From the line containing "this 1280×640 image." to the final line of the material below, copy each line exactly, including both endpoints, and leave out all other lines.

○ ○ ○

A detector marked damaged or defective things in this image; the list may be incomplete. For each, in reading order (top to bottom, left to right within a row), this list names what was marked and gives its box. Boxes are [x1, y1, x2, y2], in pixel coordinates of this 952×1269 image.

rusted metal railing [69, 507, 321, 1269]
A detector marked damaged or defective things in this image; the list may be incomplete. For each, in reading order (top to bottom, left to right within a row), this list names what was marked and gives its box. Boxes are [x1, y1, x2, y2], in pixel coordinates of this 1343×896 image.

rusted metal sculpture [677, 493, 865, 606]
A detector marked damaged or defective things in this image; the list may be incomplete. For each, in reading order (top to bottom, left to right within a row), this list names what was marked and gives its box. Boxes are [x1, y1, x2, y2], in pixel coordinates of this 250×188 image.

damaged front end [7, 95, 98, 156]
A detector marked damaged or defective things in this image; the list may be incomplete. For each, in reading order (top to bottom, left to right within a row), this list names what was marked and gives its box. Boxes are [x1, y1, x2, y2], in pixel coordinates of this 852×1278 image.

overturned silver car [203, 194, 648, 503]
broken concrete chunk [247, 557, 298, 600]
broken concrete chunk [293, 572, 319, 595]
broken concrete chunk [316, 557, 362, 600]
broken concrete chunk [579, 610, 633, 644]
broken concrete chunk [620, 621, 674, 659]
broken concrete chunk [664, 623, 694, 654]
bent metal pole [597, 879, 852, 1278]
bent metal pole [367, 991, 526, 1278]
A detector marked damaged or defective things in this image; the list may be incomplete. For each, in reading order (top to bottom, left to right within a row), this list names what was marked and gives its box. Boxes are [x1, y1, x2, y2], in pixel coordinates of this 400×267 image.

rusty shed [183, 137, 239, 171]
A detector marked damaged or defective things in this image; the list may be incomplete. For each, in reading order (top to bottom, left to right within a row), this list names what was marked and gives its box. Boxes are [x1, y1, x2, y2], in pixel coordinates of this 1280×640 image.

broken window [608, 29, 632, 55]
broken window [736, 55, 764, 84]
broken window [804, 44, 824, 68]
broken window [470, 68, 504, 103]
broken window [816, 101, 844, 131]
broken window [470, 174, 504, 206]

○ ○ ○

**Task response:**
A detector marked damaged or defective things in this image; the list may be incomplete. For each, in reading order (top to bottom, left to right within a row), this list names what was marked and gives its box. Boxes are [x1, y1, x2, y2], in pixel coordinates of this 1280×640 image.

broken window [608, 29, 632, 55]
broken window [736, 55, 764, 84]
broken window [804, 44, 824, 68]
broken window [470, 68, 504, 103]
broken window [816, 101, 844, 131]
broken window [470, 174, 504, 206]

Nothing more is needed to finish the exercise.